In an effort to salvage the dwindling steel industry and to curb the unfair trade practice of dumping, five major steel companies have approached the government to impose anti-dumping duty (ADD) and countervailing duty on particular steel products. This comes after the government’s decision to levy 20% import tax in September 2015 on certain steel products; however, it has failed to improve the condition of Indian steel companies. Last month, the government had also imposed minimum import price (MIP) for the period of six months on more than 150 steel products.

The firms which have approached the Directorate General of Anti-Dumping & Allied Duties are Steel Authority of India, Jindal Steel & Power, Essar Steel, JSW Steel and Tata Steel. If this is imposed, the products that would be affected are hot rolled flat products of non-alloy and other alloy steel, in coils of a width of 600 mm or more. The Directorate General of Anti-Dumping and Allied Duties (DGAD) has already forwarded the file to the revenue department post-inquiry, recommending imposition of provisional levy ranging between $961.33 and $1,610.67 per tonne.

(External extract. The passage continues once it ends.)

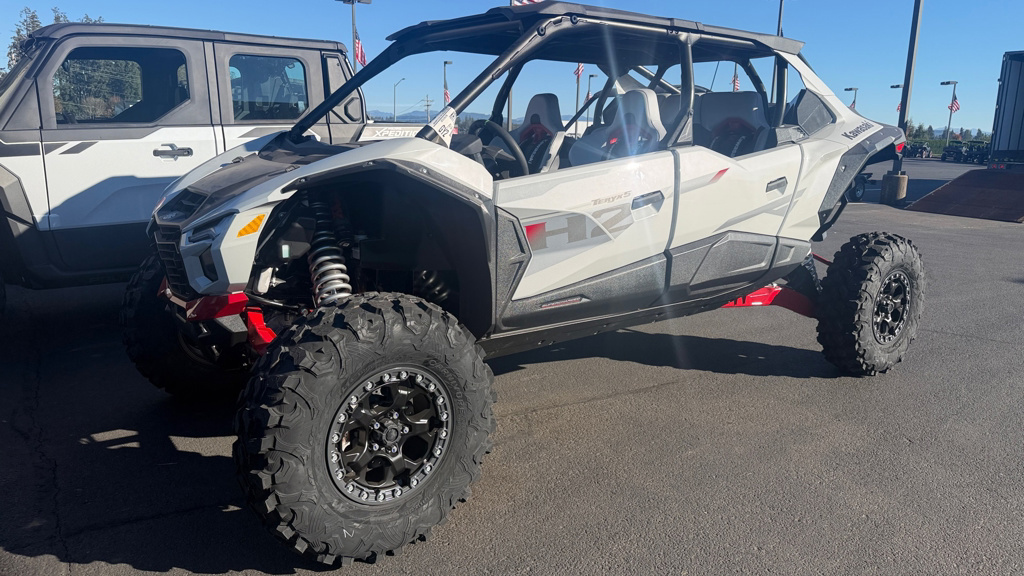 2026 Kawasaki Teryx5 H2 Deluxe eS in sublimity OR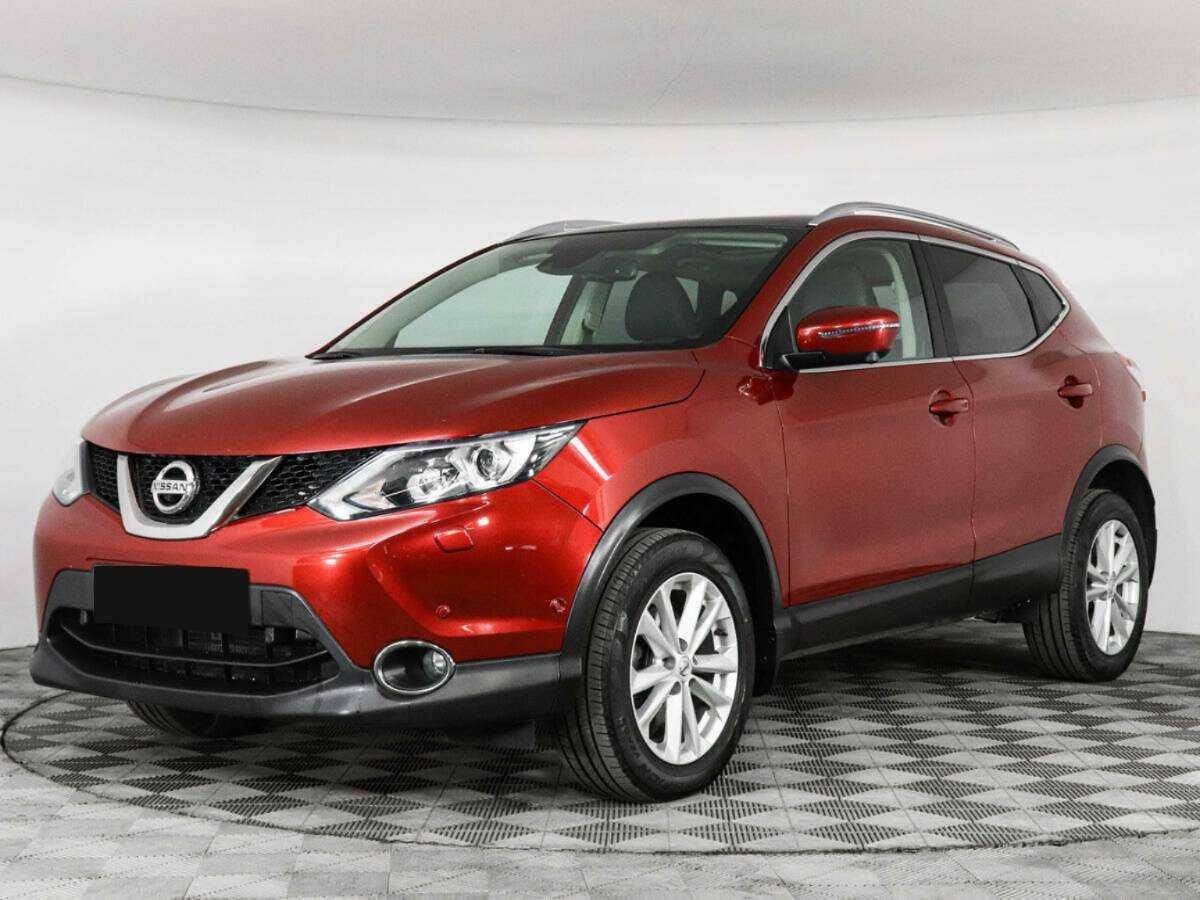 Купить Nissan Qashqai с пробегом. Посмотреть фото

Similar reforms were made in the ceramic industry and this helped revive the industry in the 2015-16 financial year. Gujarat, which accounts for more than 50% of the Indian ceramics industry, had seen a turnaround of sorts with the Chinese imported tiles becoming 30% expensive; post the imposing of anti-dumping duty.

The steel industry is looking forward to a similar change of fortune once the finance ministry approves the recommendation of DGAD. The purpose of ADD, as explained by the commerce ministry is to balance out the distortive effects of goods exported to a country at a price lower than the one prevailing there already. China, one of the biggest exporters of steel in the world, among other countries were levied an ADD of $316 per tonne by India. These measures hope to level the playing field and make it easier for the domestic prodcuers to compete with international producers of the same product.

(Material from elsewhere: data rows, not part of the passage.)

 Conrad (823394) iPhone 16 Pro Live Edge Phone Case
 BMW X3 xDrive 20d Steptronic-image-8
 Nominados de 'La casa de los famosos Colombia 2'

The government had also imposed a 20% safeguard duty on this category (hot rolled flat products of non-alloy and other alloy steel, in coils of a width of 600 mm (millimetre) or more in September last year). The directorate-general was of the opinion last week to extend the duty to two and a half years because of the serious threat posed to domestic producers because of cheaper imports. The government has not taken a decision on this yet. More than 173 products have already come under the ambit of the minimum import price (MIP) for a duration of six months in an effort to protect domestic industries. The steel ministry is working closely with the finance ministry to iron out a financial package for the sector.

The call of the hour is to find a long-term solution for this issue, making sure that the various steps being taken towards avoiding the dumping of cheap steel products from China is prima facie. The respective ministries are expected to issue the much anticipated financial package in two months. This will definitely be a big boon for the Indian steel sector.